Chez mon père, nous avions toujours toutes les dernières consoles de jeux vidéos. J'ai été toute la panoplie de personnages de jeux vidéo, j'avais évidemment des préférences, un plaisir marqué à incarner certains d'entre eux, sans parler de ceux de la télévision interactive de Vidéotron! Ces personnages ont tous un peu forgé mon identité à certains moments de ma vie. Un seul nom est resté : PacMan. Mon père m'appelait ainsi, car je dévalisais le réfrigérateur. Je suis encore reconnue pour mon très très bon appétit. Je suis un peu PacMan.
Puis l'époque des camps de vacances est arrivée. Lorsque j'entrais au camp de vacances, je devais laisser Paule, Touti, Lucianne, PacMan (etc.) à la maison pour devenir "merise", par exemple. Jeune adulte, je travaillais dans une base de plein air où l'on me surnommait Bout d'choux car j'étais la plus jeune dans la cuisine. L'année suivante, je suis devenue la bar tender de la place et on m'appelait toujours ainsi, par habitude. Être bout d'choux, dans la cuisine, c'était cute. Être bout d'choux, en arrière du bar dans un week-end célibataire, c'était carrément problématique.
Lorsque j'ai découvert Second Life, j'ai publiquement révélé Touti. C'était à la même époque où je suivais des cours de musique électronique à l'UdeM. Touti Maktoum était une historienne de l'art qui explorait le monde virtuel, qui échangeait sur la plateforme Odyssey, Contemporary Arts and Performances et qui faisait de la musique électronique (j'ai retiré le profil
Myspace en question). Paule allait à l'UQAM pendant que Touti allait à l'UdeM faire de la musique électronique et se baladait sur Second Life.

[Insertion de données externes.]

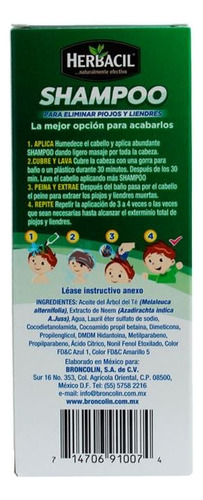 Shampoo Herbacil Piojos-liendres Frasco De 120 Ml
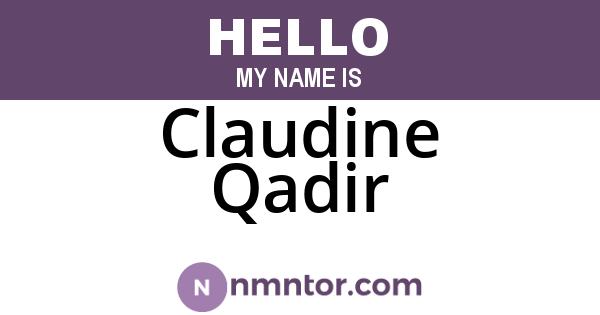 Claudine Qadir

Comme bien des gens, j'ai joyeusement emprunté l'identité de Mouchette et de David Still, les avatars créés par l'artiste de net art Martine Neddam. Il fallait bien que je devienne un peu ces personnages afin de les étudier dans le cadre de ma thèse. Ensuite, Touti Maktoum a infiltré la plateforme de Neddam, virtualperson.net. Mes avatars ont tous été, par la suite, influencés par le travail de cette artiste.
J'ai ensuite incarné Marie-Christine Levasseur, directrice d'une chaire de recherche intitulée
Supports livresques et technologies. Il y avait un site et des envois de courriels à l'appui (que j'ai retirés). Marie-Christine était avant tout un poisson d'avril gentil et créatif à l'intention de mes collègues et dont l'identité (celle de Paule) fut dévoilée lors d'un colloque puisque les deux (Paule et Marie-Christine) y étaient invitée. Les traces de cette avatar en ligne sont toutes disparues sauf ce petit résumé. Durant la période d'incarnation secrète de l'avatar, j'étais Marie-Christine Levasseur de l'université de Trois-Rivières. La chose a pris une ampleur inattendue et, bien plus que mes collègues, JE me suis fait prendre par Marie-Christine Levasseur!!!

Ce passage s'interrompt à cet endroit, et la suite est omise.